INFORMATION:
[Start of Attachment]

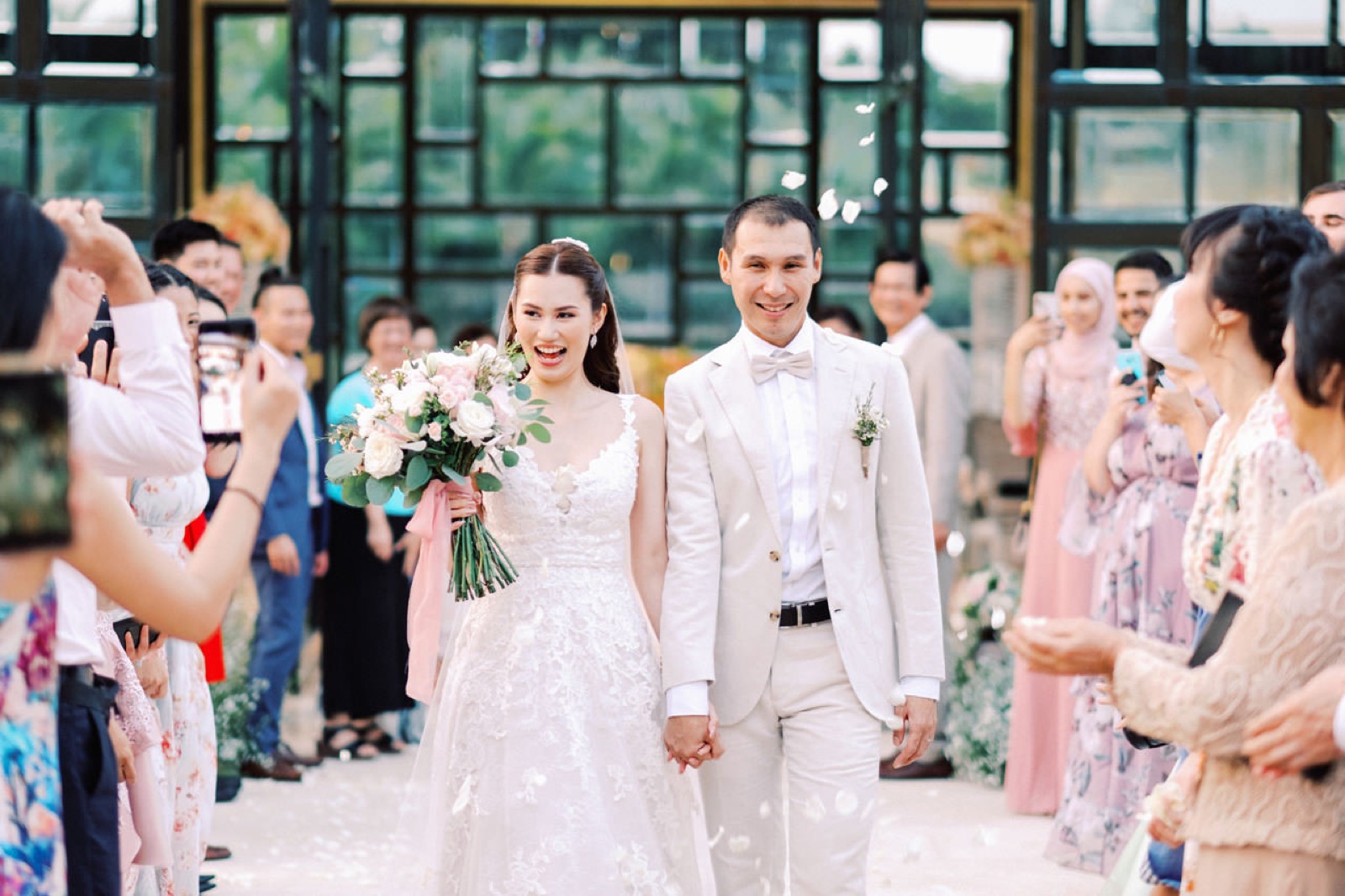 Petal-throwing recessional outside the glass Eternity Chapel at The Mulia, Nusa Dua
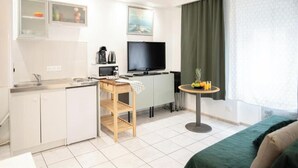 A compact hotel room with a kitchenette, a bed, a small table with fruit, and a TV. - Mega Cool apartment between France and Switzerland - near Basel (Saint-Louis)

[End of Attachment]
[Start of Attachment]

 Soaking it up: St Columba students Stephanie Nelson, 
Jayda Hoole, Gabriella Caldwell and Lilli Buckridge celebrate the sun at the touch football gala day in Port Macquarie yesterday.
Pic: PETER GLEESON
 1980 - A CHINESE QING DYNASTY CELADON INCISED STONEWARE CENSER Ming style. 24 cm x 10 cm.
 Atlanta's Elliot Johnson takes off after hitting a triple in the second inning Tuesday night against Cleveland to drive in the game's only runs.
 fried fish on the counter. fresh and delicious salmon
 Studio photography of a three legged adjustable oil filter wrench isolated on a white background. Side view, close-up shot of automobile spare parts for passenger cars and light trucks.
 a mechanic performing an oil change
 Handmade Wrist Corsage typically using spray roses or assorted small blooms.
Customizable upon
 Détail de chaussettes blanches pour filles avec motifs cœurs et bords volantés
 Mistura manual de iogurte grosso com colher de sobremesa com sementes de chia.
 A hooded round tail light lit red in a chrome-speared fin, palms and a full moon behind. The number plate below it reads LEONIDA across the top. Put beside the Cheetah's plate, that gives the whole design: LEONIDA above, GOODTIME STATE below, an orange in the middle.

[End of Attachment]
[Start of Attachment]

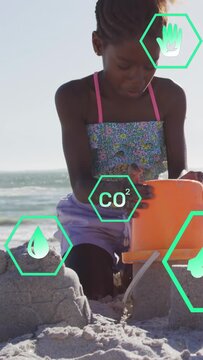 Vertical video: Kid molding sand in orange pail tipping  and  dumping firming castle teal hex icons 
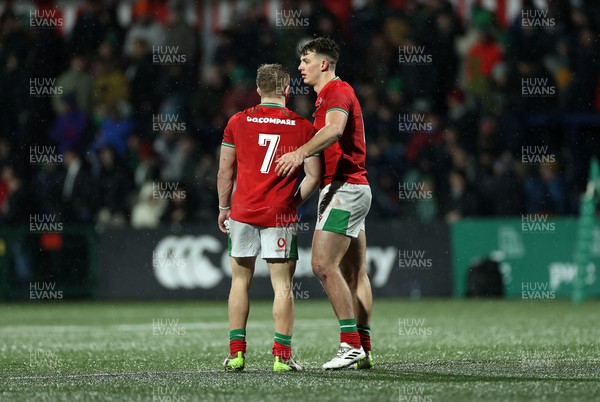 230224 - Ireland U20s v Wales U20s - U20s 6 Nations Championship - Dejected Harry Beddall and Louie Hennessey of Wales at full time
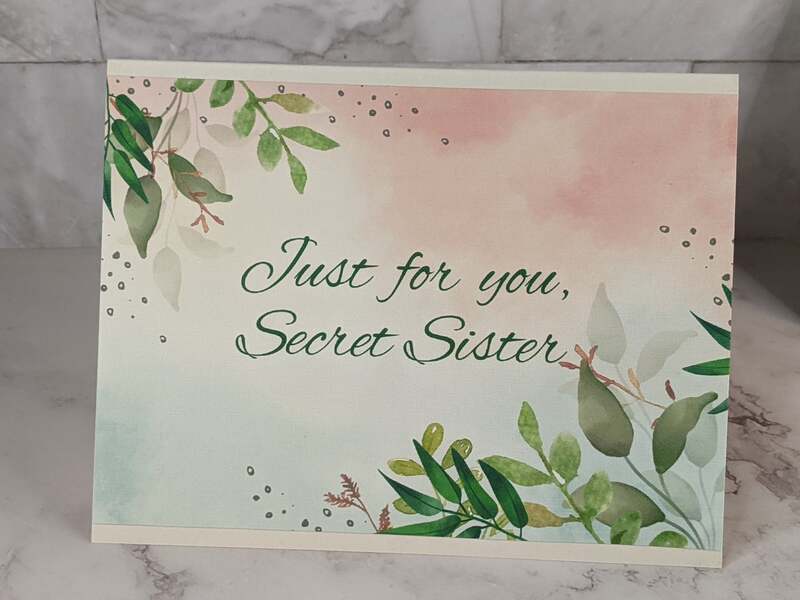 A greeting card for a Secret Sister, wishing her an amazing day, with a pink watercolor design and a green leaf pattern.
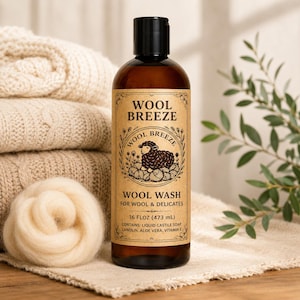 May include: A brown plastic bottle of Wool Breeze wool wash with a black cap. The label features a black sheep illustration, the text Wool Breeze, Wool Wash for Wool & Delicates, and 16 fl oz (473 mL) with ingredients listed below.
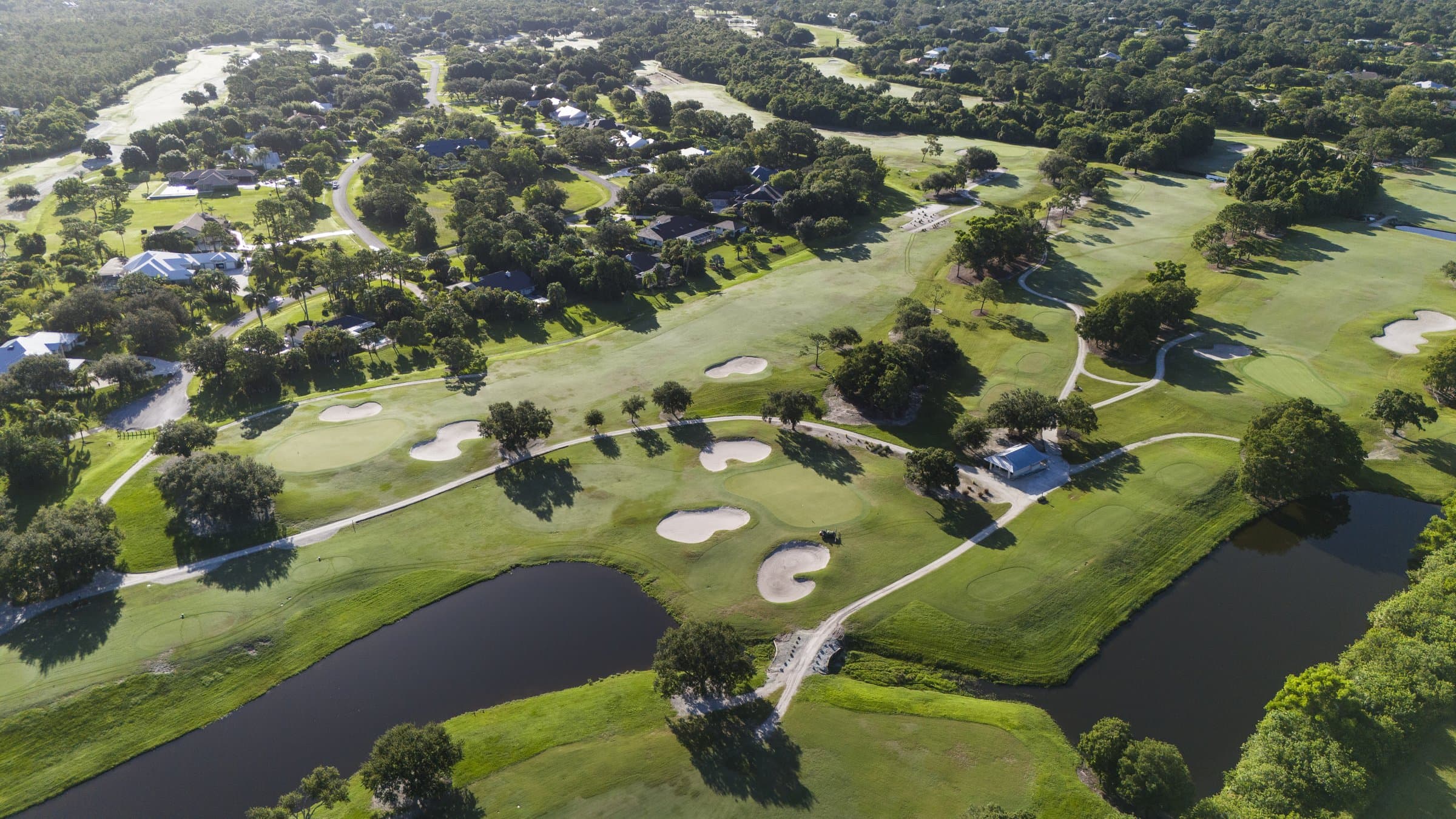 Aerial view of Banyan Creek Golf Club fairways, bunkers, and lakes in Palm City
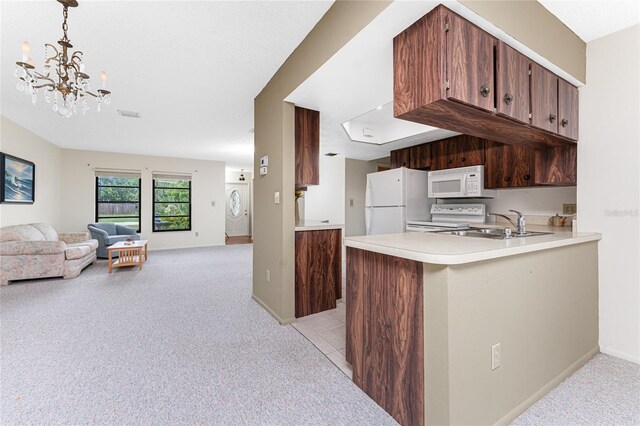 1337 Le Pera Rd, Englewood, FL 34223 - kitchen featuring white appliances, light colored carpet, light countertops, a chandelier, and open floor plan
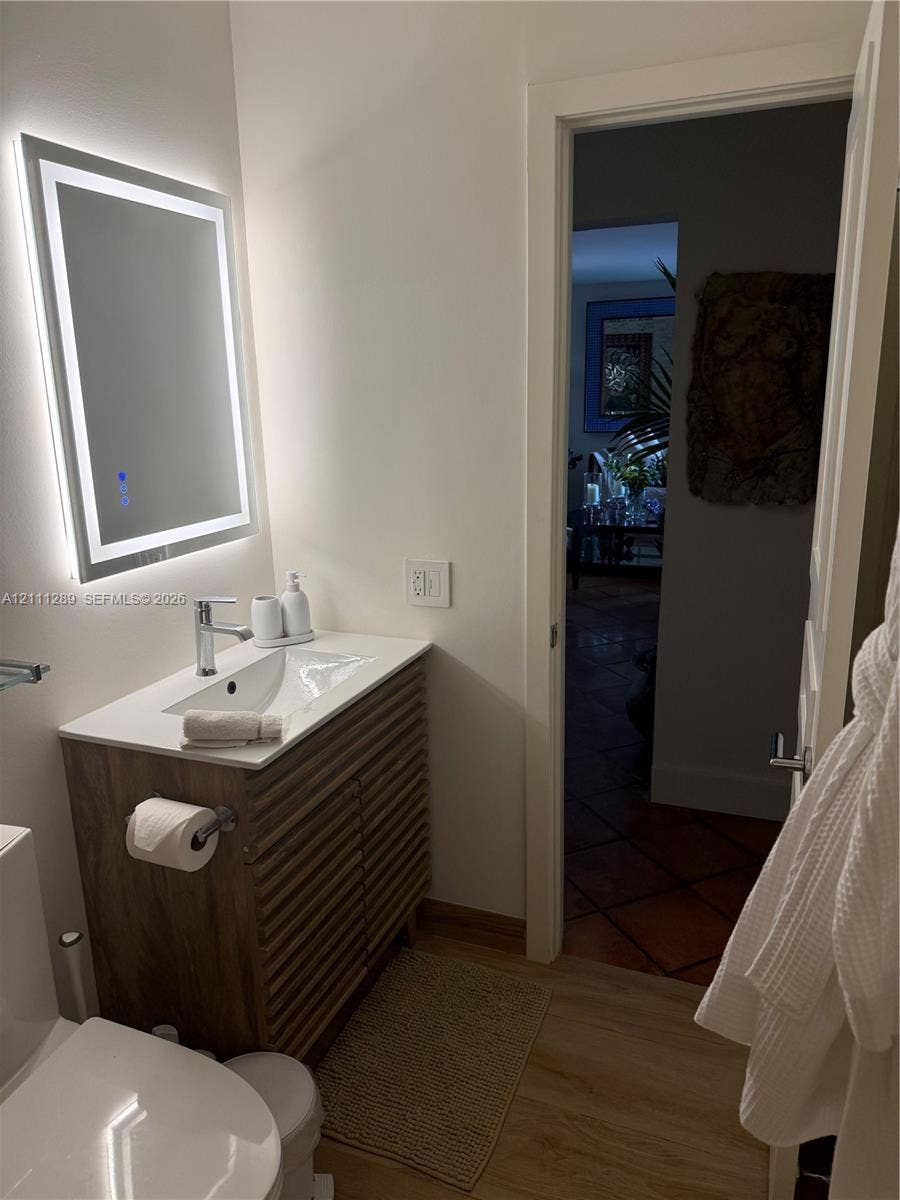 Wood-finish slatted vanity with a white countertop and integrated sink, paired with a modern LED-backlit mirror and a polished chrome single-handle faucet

[End of Attachment]

Print exactly the lines above from the one with "Pic: PETER GLEESON" to the one with "fried fish on", including both.

Pic: PETER GLEESON
 1980 - A CHINESE QING DYNASTY CELADON INCISED STONEWARE CENSER Ming style. 24 cm x 10 cm.
 Atlanta's Elliot Johnson takes off after hitting a triple in the second inning Tuesday night against Cleveland to drive in the game's only runs.
 fried fish on the counter. fresh and delicious salmon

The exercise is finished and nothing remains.